- _WORK TASK_:
Exactly as written, please repeat the data that follows, but not the pictures.

- _COLLECTED DATA_:
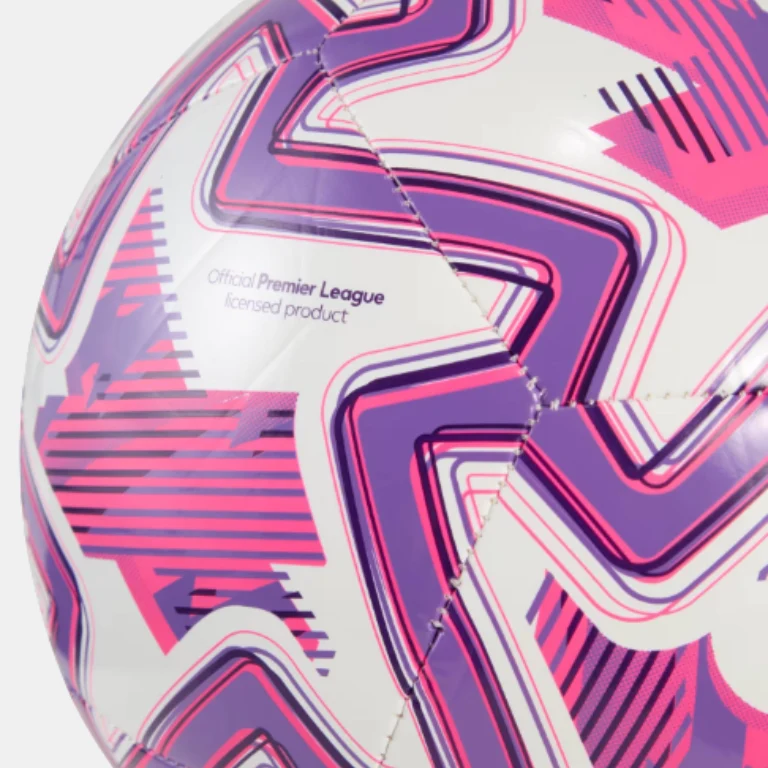BALON PUMA PREMIER FOOTBALL - Imagen 4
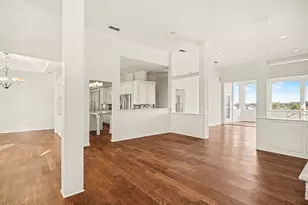 7006 Stone Bluff Ct, Granbury, TX 76048 - Photo 8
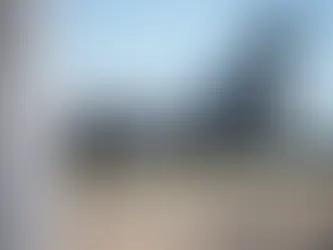 Air NZ, 일부 승무원 파업은 일단 해소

- _SOLUTION TO THIS EXERCISE_:
BALON PUMA PREMIER FOOTBALL - Imagen 4
 7006 Stone Bluff Ct, Granbury, TX 76048 - Photo 8
 Air NZ, 일부 승무원 파업은 일단 해소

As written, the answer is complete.